**Exercise aim**
Please transcribe, exactly and only, the lines of the records below from the one holding "CAZOLETA O RECIPIENTE PARA MECHEROS DE GAS" to the very end.

[Caption-style text data]
+ + + +
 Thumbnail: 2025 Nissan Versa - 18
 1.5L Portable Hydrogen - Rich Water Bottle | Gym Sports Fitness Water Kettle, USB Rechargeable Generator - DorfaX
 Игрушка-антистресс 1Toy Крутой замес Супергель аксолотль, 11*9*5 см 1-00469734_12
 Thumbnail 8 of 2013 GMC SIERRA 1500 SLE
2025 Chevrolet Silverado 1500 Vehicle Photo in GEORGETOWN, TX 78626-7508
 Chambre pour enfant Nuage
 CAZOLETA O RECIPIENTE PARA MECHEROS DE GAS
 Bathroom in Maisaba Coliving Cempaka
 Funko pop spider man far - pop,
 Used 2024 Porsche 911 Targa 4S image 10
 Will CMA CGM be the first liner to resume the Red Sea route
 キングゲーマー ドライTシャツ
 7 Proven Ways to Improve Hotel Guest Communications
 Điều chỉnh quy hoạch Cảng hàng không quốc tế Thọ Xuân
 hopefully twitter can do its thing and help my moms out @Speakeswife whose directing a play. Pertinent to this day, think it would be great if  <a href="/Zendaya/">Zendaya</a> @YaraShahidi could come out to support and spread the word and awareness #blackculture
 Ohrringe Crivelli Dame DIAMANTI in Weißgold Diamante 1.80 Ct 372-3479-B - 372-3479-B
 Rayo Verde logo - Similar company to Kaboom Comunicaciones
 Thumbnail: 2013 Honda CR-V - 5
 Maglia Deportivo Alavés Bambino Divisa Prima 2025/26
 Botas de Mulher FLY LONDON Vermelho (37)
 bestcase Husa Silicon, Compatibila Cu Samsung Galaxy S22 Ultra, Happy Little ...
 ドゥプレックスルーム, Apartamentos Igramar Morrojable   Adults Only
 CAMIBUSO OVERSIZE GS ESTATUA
+ + + +
**Output below**
 CAZOLETA O RECIPIENTE PARA MECHEROS DE GAS
 Bathroom in Maisaba Coliving Cempaka
 Funko pop spider man far - pop,
 Used 2024 Porsche 911 Targa 4S image 10
 Will CMA CGM be the first liner to resume the Red Sea route
 キングゲーマー ドライTシャツ
 7 Proven Ways to Improve Hotel Guest Communications
 Điều chỉnh quy hoạch Cảng hàng không quốc tế Thọ Xuân
 hopefully twitter can do its thing and help my moms out @Speakeswife whose directing a play. Pertinent to this day, think it would be great if  <a href="/Zendaya/">Zendaya</a> @YaraShahidi could come out to support and spread the word and awareness #blackculture
 Ohrringe Crivelli Dame DIAMANTI in Weißgold Diamante 1.80 Ct 372-3479-B - 372-3479-B
 Rayo Verde logo - Similar company to Kaboom Comunicaciones
 Thumbnail: 2013 Honda CR-V - 5
 Maglia Deportivo Alavés Bambino Divisa Prima 2025/26
 Botas de Mulher FLY LONDON Vermelho (37)
 bestcase Husa Silicon, Compatibila Cu Samsung Galaxy S22 Ultra, Happy Little ...
 ドゥプレックスルーム, Apartamentos Igramar Morrojable   Adults Only
 CAMIBUSO OVERSIZE GS ESTATUA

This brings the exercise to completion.